Wszystkie oczy zwrócone na Fed. Co może wywrócić scenariusz obniżek stóp w USA?
Jest już pewne, że na posiedzeniu FOMC 18 września dyskusja na temat obniżki stóp procentowych będzie "na stole". Przyznał to prezes amerykańskiego banku centralnego Fed Jerome Powell po środowym posiedzeniu Komitetu, który postanowił nie zmieniać stóp. Ale czy Fed we wrześniu obniży stopy? Żeby to zrobił musi nabrać więcej pewności, że inflacja zmierza do celu 2 proc. w długim okresie.
- Obniżenie stopy procentowej może być przedmiotem dyskusji już na następnym posiedzeniu we wrześniu - powiedział Jerome Powell na konferencji prasowej po środowym posiedzeniu Federalnego Komitetu Operacji Otwartego Rynku (FOMC), który od roku utrzymuje stopę procentową funduszy federalnych na poziomie 5,25-5,5 proc., najwyższym od 23 lat.
Prezes Fed zdecydowanie zaprzeczał, jakoby obniżka stóp miała być we wrześniu przesądzona, choć po ostatnich danych o inflacji za czerwiec prawdopodobieństwo takiej decyzji wyceniane przez graczy na londyńskiej giełdzie CME wzrosło nawet do 100 proc.
- Zbliżamy się do momentu, w którym właściwe będzie obniżenie naszej stopy procentowej, ale jeszcze do tego nie doszliśmy - powiedział Jerome Powell.
- Na tym spotkaniu odbyła się prawdziwa dyskusja na temat tego, co mogłoby być powodem (obniżek stóp). Ogólne odczucie Komitetu (...) jest takie, że zbliżamy się do punktu, w którym właściwe będzie rozpoczęcie zmniejszania restrykcji. Jeszcze nie jesteśmy w tym punkcie. Chcemy zobaczyć więcej dobrych danych - dodał.
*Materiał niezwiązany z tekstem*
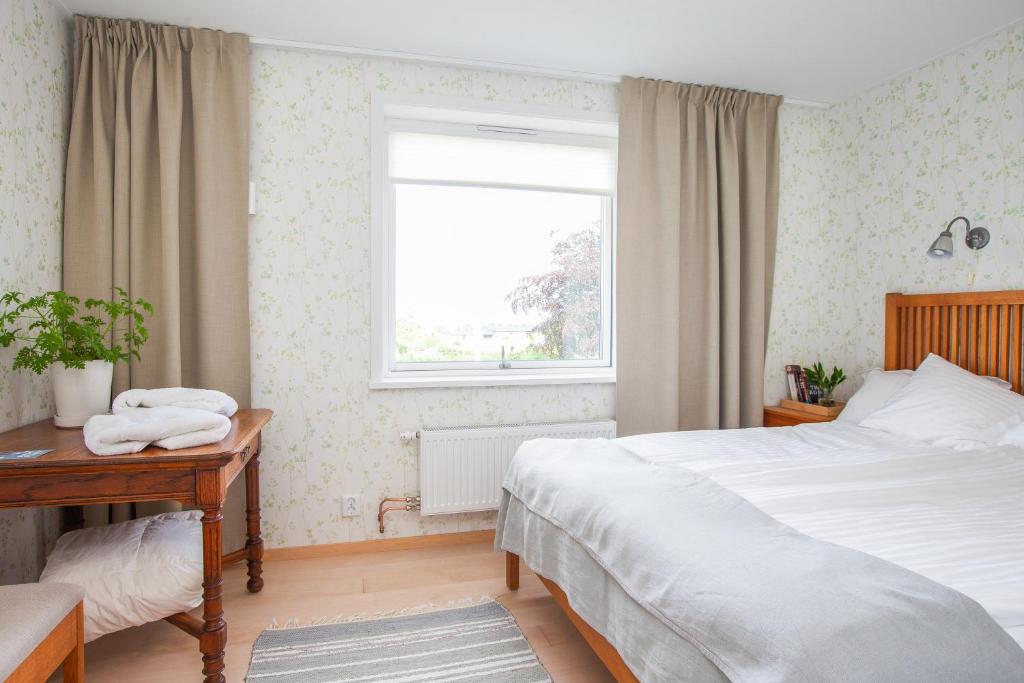 格兰纳Gränna Lakeview的一间卧室配有一张床、一张书桌和一个窗户。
Prezes Fed podkreślił korzystne dane świadczące o obniżaniu się inflacji w II kwartale tego roku. Główny wskaźnik inflacji obniżył się do 3 proc., czyli najniższego poziomu od roku. Czerwiec nie tylko przyniósł wyrównanie tego minimum, lecz był też trzecim z rzędu miesiącem systematycznego obniżania się inflacji, co nie zdarzyło się od 12 miesięcy. W czerwcu nastąpił także pierwszy od czterech lat miesięczny spadek cen. Także inflacja bazowa obniżyła się w czerwcu trzeci miesiąc z rzędu do 3,3 proc. z 3,8 proc. w marcu.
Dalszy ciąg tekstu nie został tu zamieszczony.